I confess, I am not a gun owner and have serious doubts over the meaning of our “right to bear arms.” However, believing that gun control will inhibit gun violence is as tedious as believing that withdrawal is an effective form of birth control.

Gun control has not been proven to prevent crime. In May 2007, the Harvard Journal of Law and Public Policy released a report titled “Would Banning Firearms Reduce Murder and Suicide?” The findings discovered that an ease of access does not facilitate suicide or murder, and that strict gun control doesn’t reduce gun violence. The study supported their findings by addressing a few popular ideas about gun control.

Europe is safer and has fewer guns. Prior to gun control laws, Europe already had significantly lower gun violence than the United States; hence, gun control was not the likely cause of Europe’s low murder rates. The study also compared each nation more closely discovering that countries like Belarus, which banned guns, had a murder rate of 10 percent; while Poland which allows guns had only 1.9 percent; meanwhile Russia (now banned) was at 20 percent.  

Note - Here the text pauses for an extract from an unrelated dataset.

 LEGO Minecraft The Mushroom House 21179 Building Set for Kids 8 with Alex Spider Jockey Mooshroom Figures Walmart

The U.S. is the most violent nation. According to the report, crime in the United States has been declining since the 1990s. The researchers believe the drop in crime could be due to the increase in prison populations and executions, which occurred during the 1990s.

The authors of the study, Don B. Kates and Gary Mauser never promote gun ownership or even suggest that gun control causes crime. They are merely suggesting that there are other factors which contribute to gun violence and that more studies should be conducted on the subject.

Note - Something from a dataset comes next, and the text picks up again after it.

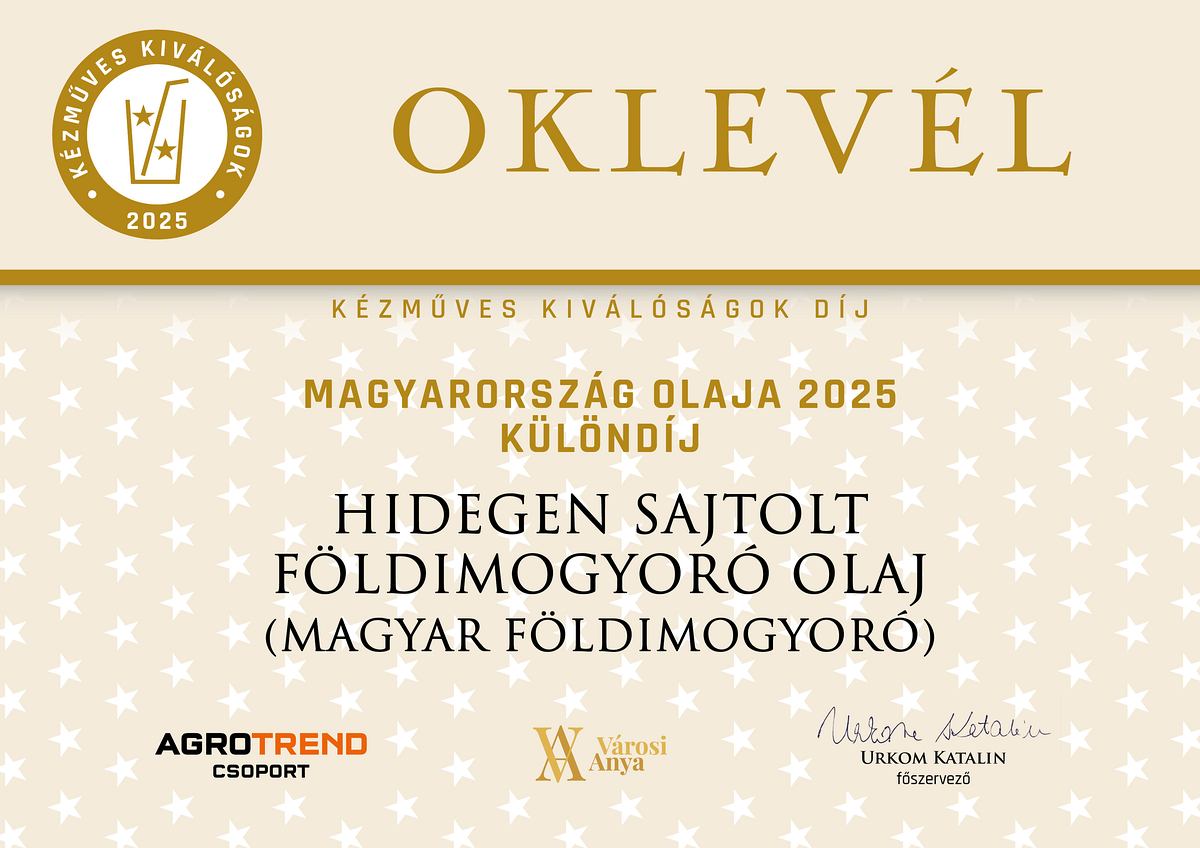 Hidegen sajtolt földimogyoró olaj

And yet still the most obvious truth remains hidden: guns don’t kill people, people kill people, which is the most popular phrase shouted by anti-gun control advocates and it is undoubtedly the most moronic statement; much like saying that alcohol doesn’t cause alcohol poisoning. And yet there is a truism that we are reluctant and afraid to accept.

A gun is not the motivator of violence but rather it is a means to a very particular end. I will not assume why the Aurora gunman barged into a theatre and murdered 12 people or why George Zimmerman shot a 17-year-old. But we shy away from their reasoning and logic as though understanding them would lead to justification and redemption.

But a person’s mind governs their actions and unfortunately, or rather fortunately, our minds reside beyond the reaches of legislation. We must reluctantly accept the truth that there is no law that can stop a desperate individual seeking to unleash their hateful wrath. If we truly want to stop senseless and unnecessary deaths, we should stop focusing on their method of pain and starting understanding their minds.